EXERCISE DESCRIPTION: Copy the lines below word for word, skipping any image.

DATA SHOWN:

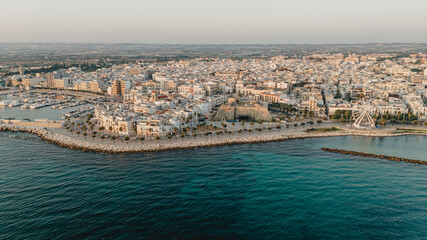 Fototapeta premium Aerial View of Historic Mola di Bari village with Beautiful castle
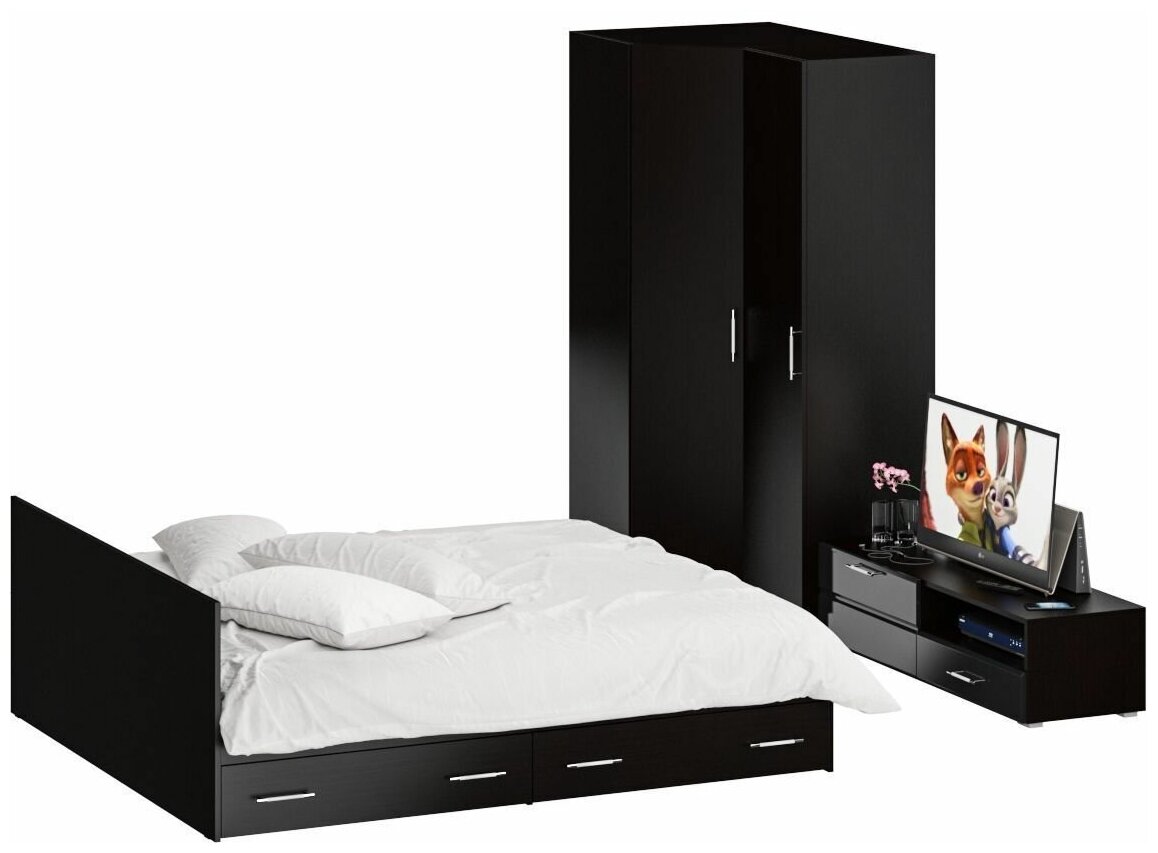 Мебель для спальни Стандарт № 4 Стандарт с кроватью 1800 с ящиками, цвет венге, спальное место 1800х2000 мм, без матраса, основание есть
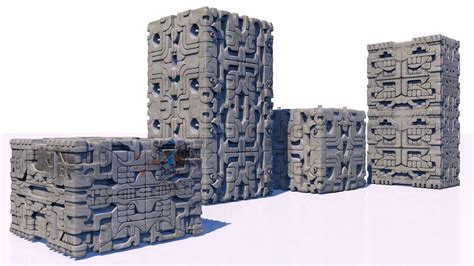 Aztec Stones 3d Cgtrader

EXERCISE OUTPUT:
 Fototapeta premium Aerial View of Historic Mola di Bari village with Beautiful castle
 Мебель для спальни Стандарт № 4 Стандарт с кроватью 1800 с ящиками, цвет венге, спальное место 1800х2000 мм, без матраса, основание есть
 Aztec Stones 3d Cgtrader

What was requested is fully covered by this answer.